All text is compared and hashed using unicode normalization. Unicode provides several different ways to represent the same text. For example, the single codepoint U+E9 (latin small e with accent) is rendered the same as the two code points U+65 U+301 (latin small e, acute combining accent) and has an equivalent linguistic meaning. These are simply different ways to represent the same "letter." In order to make it easy to write correct code that takes this into account, Tomo uses unicode normalization for all string comparisons and hashing. Normalization does the equivalent of converting text to a canonical form before performing comparisons or hashing.

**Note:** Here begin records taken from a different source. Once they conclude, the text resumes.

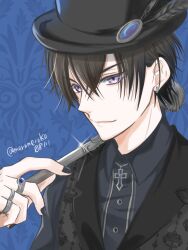Rule 34 | 1boy, black hair, black nails, black shirt, black vest, blue background, collar x malice, collared shirt, cross, cross necklace, earrings, hat, highres, jewelry, long sleeves, looking at viewer, male focus, mero-yoruyami, necklace, purple eyes, ring, shirt, short hair, solo, vest, yanagi aiji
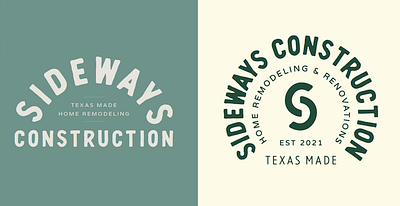 Sideways Construction branding graphic design logo
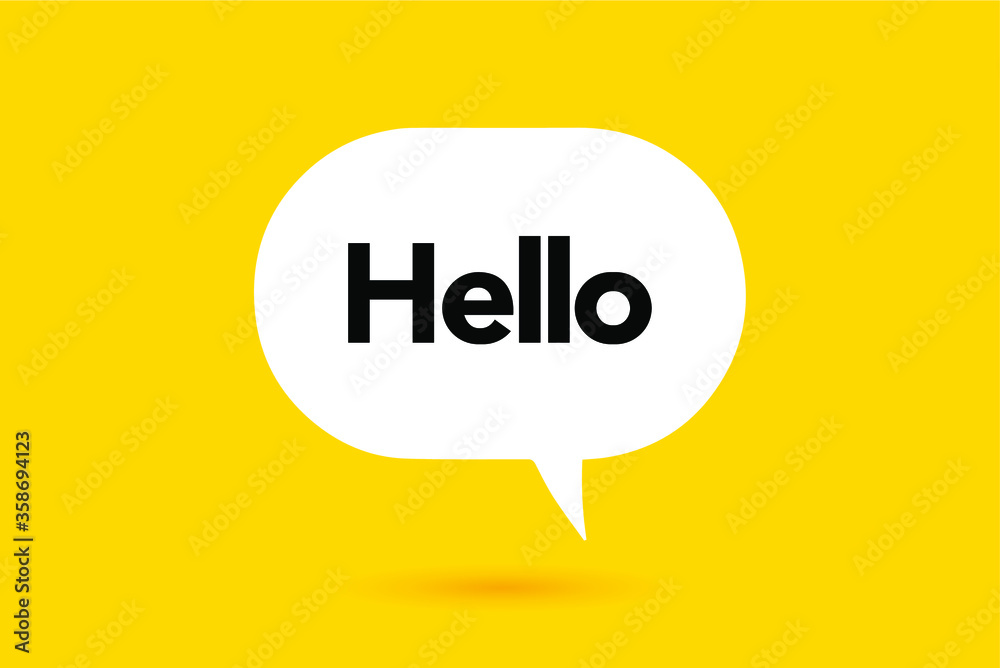 Hi, Hello. Banner, speech bubble, poster and sticker concept with text. White bubble message on bright yellow background. Vector Illustration Hi, Hello. Banner, speech bubble, poster and sticker concept with text. White bubble message on bright yellow background. Vector Illustration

This means that if a table is created that has text with the codepoint U+E9 as a key, then a lookup with the same text but with U+65 U+301 instead of U+E9 will still succeed in finding the value because the two strings are equivalent under normalization.

Capitalization

  • x:capitalized()
  • x:titlecased()
  • x:uppercased()
  • x:lowercased()

Patterns

  • string:has("target", at=Anywhere:enum(Anywhere, Start, End))->Bool Check whether a pattern can be found
  • string:without("target", at=Anywhere:enum(Anywhere, Start, End))->Text
  • string:trimmed("chars...", at=Anywhere:enum(Anywhere, Start, End))->Text
  • string:find("target")->enum(Failure, Success(index:Int32))
  • string:replace("target", "replacement", limit=Int.max)->Text Returns a copy of the string with replacements
  • string:split("split")->[Text]
  • string:join(["one", "two"])->Text